(LISTED RECORDS begins)

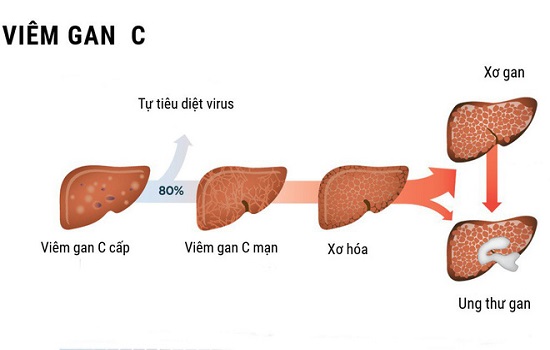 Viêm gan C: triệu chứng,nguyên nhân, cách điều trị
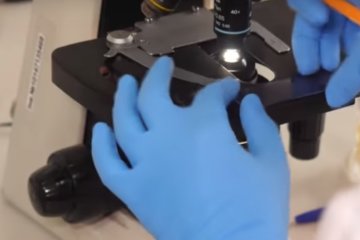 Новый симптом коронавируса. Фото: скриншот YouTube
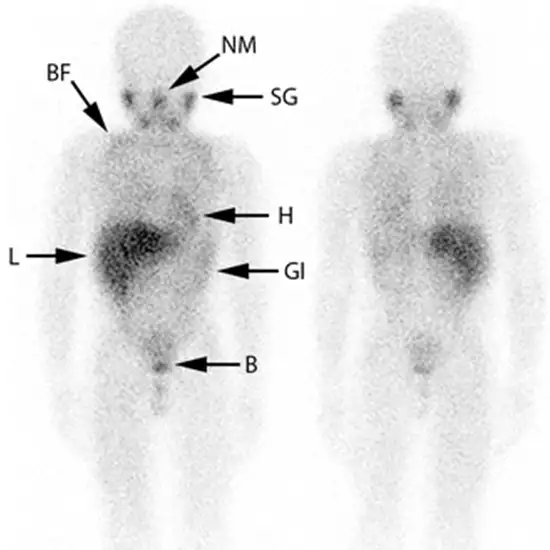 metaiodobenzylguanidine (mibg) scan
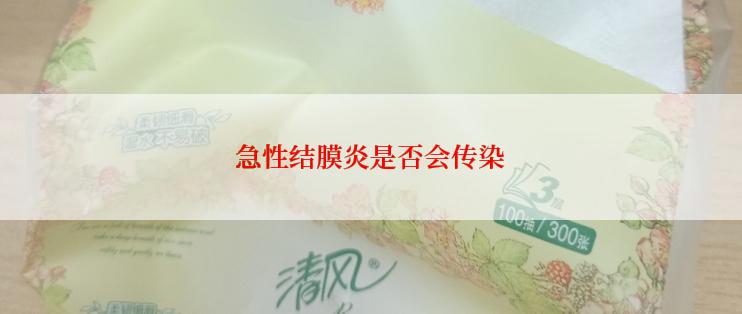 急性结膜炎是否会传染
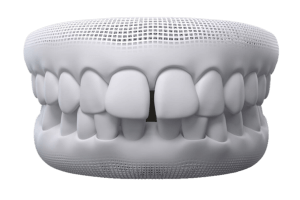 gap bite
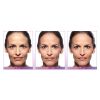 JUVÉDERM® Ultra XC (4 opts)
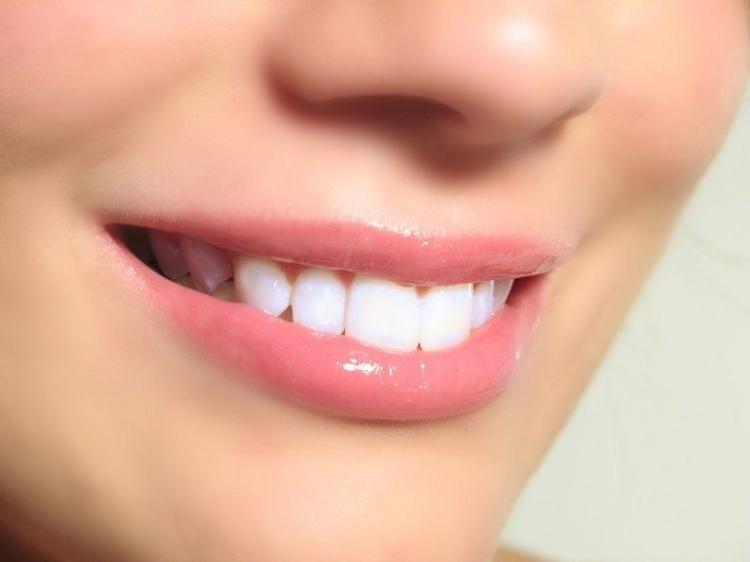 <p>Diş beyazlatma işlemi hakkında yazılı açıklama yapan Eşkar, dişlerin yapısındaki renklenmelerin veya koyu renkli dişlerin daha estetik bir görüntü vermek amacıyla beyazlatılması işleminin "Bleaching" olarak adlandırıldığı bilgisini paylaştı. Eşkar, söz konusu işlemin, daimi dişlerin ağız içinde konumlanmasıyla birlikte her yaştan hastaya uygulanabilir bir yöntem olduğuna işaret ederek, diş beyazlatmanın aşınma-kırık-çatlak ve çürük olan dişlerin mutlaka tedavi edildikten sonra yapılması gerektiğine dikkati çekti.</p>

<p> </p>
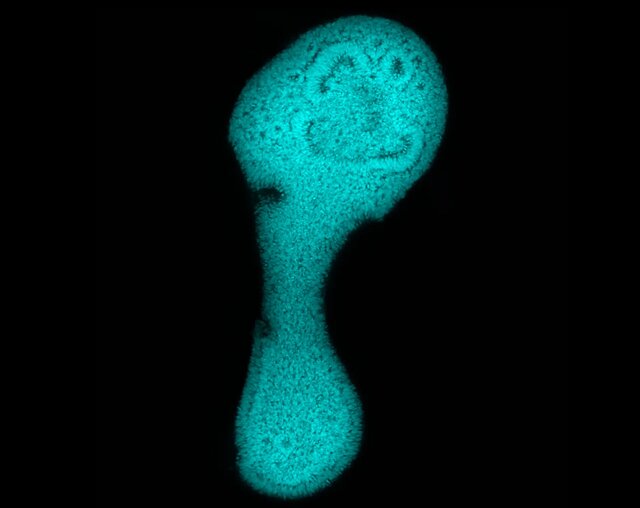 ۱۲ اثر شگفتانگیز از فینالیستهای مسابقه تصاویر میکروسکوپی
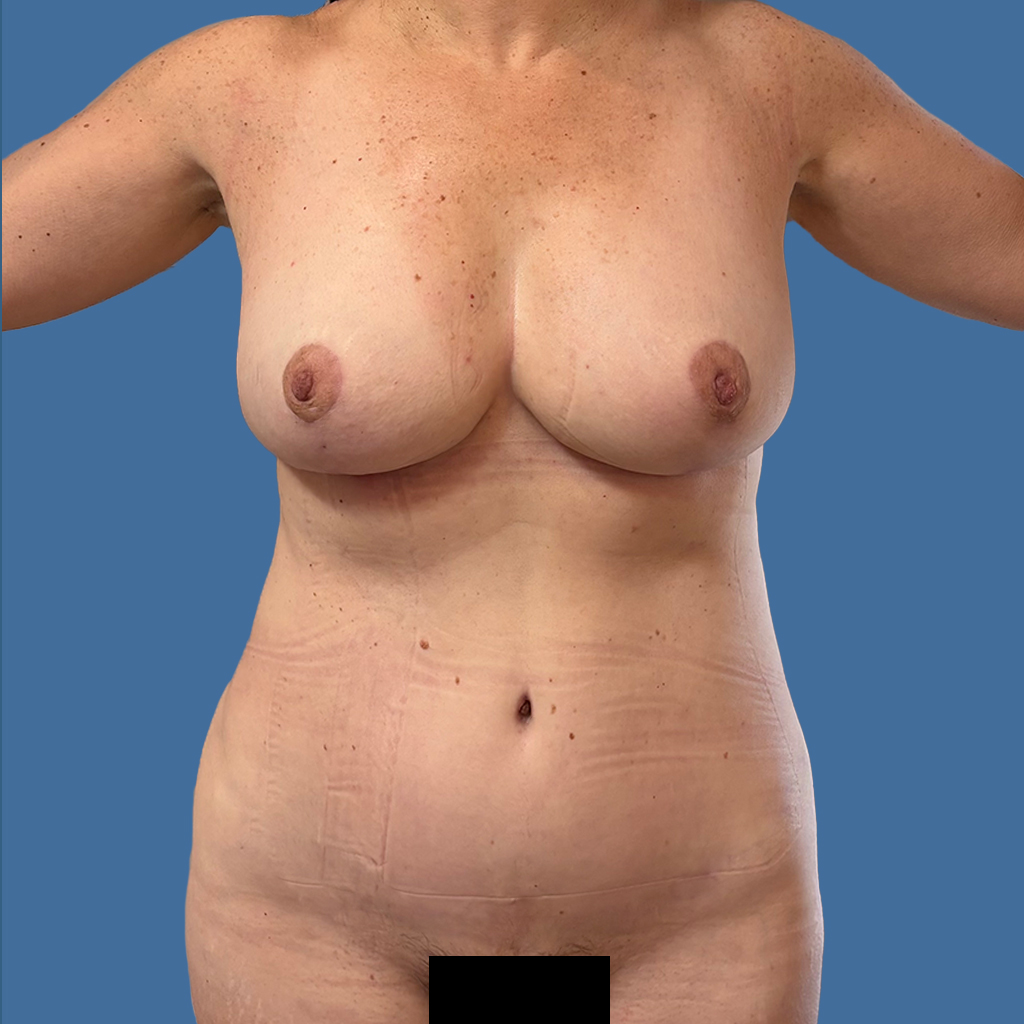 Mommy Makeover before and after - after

(LISTED RECORDS ends)

• ASSIGNMENT:
All entries must be output unchanged, with every picture omitted.

• ANSWER TO THIS TASK:
 Viêm gan C: triệu chứng,nguyên nhân, cách điều trị
 Новый симптом коронавируса. Фото: скриншот YouTube
 metaiodobenzylguanidine (mibg) scan
 急性结膜炎是否会传染
 gap bite
 JUVÉDERM® Ultra XC (4 opts)
 <p>Diş beyazlatma işlemi hakkında yazılı açıklama yapan Eşkar, dişlerin yapısındaki renklenmelerin veya koyu renkli dişlerin daha estetik bir görüntü vermek amacıyla beyazlatılması işleminin "Bleaching" olarak adlandırıldığı bilgisini paylaştı. Eşkar, söz konusu işlemin, daimi dişlerin ağız içinde konumlanmasıyla birlikte her yaştan hastaya uygulanabilir bir yöntem olduğuna işaret ederek, diş beyazlatmanın aşınma-kırık-çatlak ve çürük olan dişlerin mutlaka tedavi edildikten sonra yapılması gerektiğine dikkati çekti.</p>

<p> </p>
 ۱۲ اثر شگفتانگیز از فینالیستهای مسابقه تصاویر میکروسکوپی
 Mommy Makeover before and after - after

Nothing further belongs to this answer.